I actually don't think filesystem type is relevant to my question. I
tested this out pretty thoroughly with all the journaling filesystems
available from the Fedora Core 2 kernels (Ext3, Reiser, XFS, JFS), and
although Ext3 had by far the worst local performance, it's performance
over NFS with my simple sequential write test was exactly the same as
the others. I mean, I'm talking about a single sequential write to a
10-disk RAID5 attached with 2 Gb fibre channel; whichever file system I
use on the RAID should be a whole lot faster than over NFS, and indeed
they all are, Ext3 about 3 times, the others much more.
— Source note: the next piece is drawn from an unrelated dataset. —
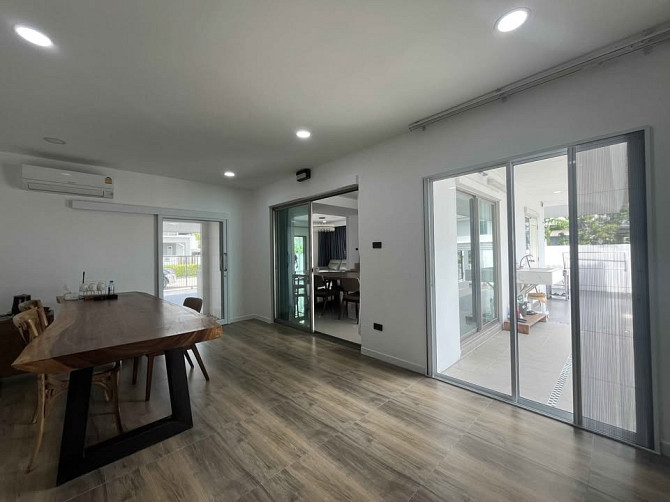 4 Bedroom Pool Villa for Rent in Pattaya Pattaya - photo 11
So, unless there are hooks between the filesystem and the NFSd that are
not obvious to a user (and the fact that changing filesystems doesn't
seem to make much difference seems to rule that out) and the fact that
the NFS client seems capable of much better performance when used
against a Netapp, it makes me wonder what's going on with the server
portion.

> - Highly tuned nfs inplementation with dedicated operating system.
>
> The bruteforce linux approach is quite good for the money spent,
> but don't expect the features/performance of a way more expensive
> enterprise solution.
>
A valid point, of course, but I don't think I'm actually expecting a
single NFSd to act like an expensive Netapp. I do think that wondering
why the Netapp is twice as fast for a sequential write is a valid
question, even if the OS and NFS server subsystem are free. I was kind
of hoping someone would just say "you're getting what you should expect
to get" or "wow, that's slow, try this and this and this".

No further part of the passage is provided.